Alexander Wurz is having a pretty miserable season. Even after promising tests, he has not been able to get much form for qualifying, and when things have been better in races, his car has failed. Add to that his belief that Giancarlo Fisichella has had better equipment all year, and you start to see the picture of a pretty unhappy Austrian.
It's ironic, but no surprise, to discover his worst testing accident of the year - at same point on the Valencia circuit which saw Fisichella crash spectacularly into Heinz-Harald Frentzen's Jordan earlier this year - just before what was supposed to be the most important race of his career to date. With Benetton expected to drop him at the end of the season, a gash to the bone from crashing minutes before the end of a test with suspension failure is certainly not something he needs.
The good news is that Benetton have identified a good set-up for the forthcoming event; revisions to suspension have worked, and the latest high downforce aerodynamics show promise: Williams has been targeted, and points are a real possibility.
When David Coulthard lost his rear wing whilst testing in Valencia, his only comment on returning to the pits was "Well, I'm definitely awake now." It was a definite highlight of an otherwise routine test for the team, which saw their cars running through most of the planned test program. Evolution to aerodynamics showed promise, until the wing failure. McLaren remain tight lipped about the cause, but rivals believe the failure was related to a weakened mounting on the revised suspension - being revised to improve bump handling - rather than the wing itself giving up…
Williams had a relatively trouble free time; steady progress being made on the aerodynamics in particular. The team arrived with a bundle of components which looked very good in the wind tunnel, but in serious need of real life track time. Mostly, they worked, but the whole balance of the car shifted as a result, so much time was then required to get the car set up for Hungary. Lap times were not important - race conditions are the most important consideration – so the team did not appear to set particularly competitive times...
When Renault took over the Benetton team, it was with the intention to stop providing customer units to any others on the track. They are developing an all new engine for their chassis in 2001, which is expected to be something of a departure from the current Formula One norm, bringing a new, cutting edge technology to the sport.
Speculation is rife about precisely what form this will take, with top favourite a package based around an extra-wide V construction. This would help to keep the centre of gravity very low, assisting in the quest for a perfectly balanced car. Some believe that Renault have a whole new bag of tricks up their sleeve, as since leaving the fold, the manufacturer is believed to have put a lot of research into high temperature technology (reducing or removing the need for coolants), and they could also have an edge in other areas.
However, with engines in short supply for 2001, Supertec, essentially an umbrella company operating a customer arm for Renault, appears set to continue providing at least two teams with engines in 2001, after appeals to Bernie Ecclestone, who wholes a stake in the company.
The principle owner, Flavio Briatore, is believed to have taken some convincing - he is now wrapped up in the running of Benetton, and shaping it for the challenge to come.
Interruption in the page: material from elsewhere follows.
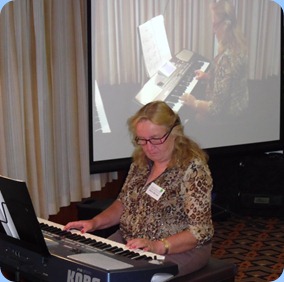 Desiree Barrows playing Len Osbourne's keyboard. Desiree has the same model herself and played very well for her debut at the Club!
The last thing he is looking for is the hassle of running Supertec for another year - and in particular, he does not wish to be part of something which sets up another team with similar technology to his own.
The Supertec deal is not signed, sealed and delivered, but it appears that both Prost and Minardi will be using the engines in 2001. Prost is thought to have had the option for around three months - on the proviso he steps down from running the team. Precisely why that is, no-one is prepared to admit, but it seems the problem stems from Prost's decision to go with Peugeot, when they lost the Mugen-Honda unit.
Until each team has a long term deal in place, rumours will continue to circulate. Prost is currently the focus of the latest (annual) "Lotus returns" rumours, supposedly as a vehicle for the Lotus name to make a comeback as engine supplier to the outfit. Quite who would actually be behind this is not mentioned in the rumours.
Similarly, Minardi continue to be the subject of speculation concerning the 1999 Ford Cosworth engine. If they are to be believed, the team’s to-be-announced sponsors will be bringing Ford leverage with them, and hence the CR-1 would become available to the team at a knock down price (the only figure bandied is around the $15 million mark). If this should turn out to be the case, it would be particularly ironic, as the Jaguar outfit has recently been using a modified CR-1 in preference to their new unit - looking for the power, drivability and reliability of the old unit, against this the model which has been so disappointing this year.
In the paddock, the attitude - right or wrong - is that Prost and Minardi will run Supertec power next year. The all know that Bernie Ecclestone is not going to let a team become sidelined from lacking an engine… particularly when he has so much input with at Supertec.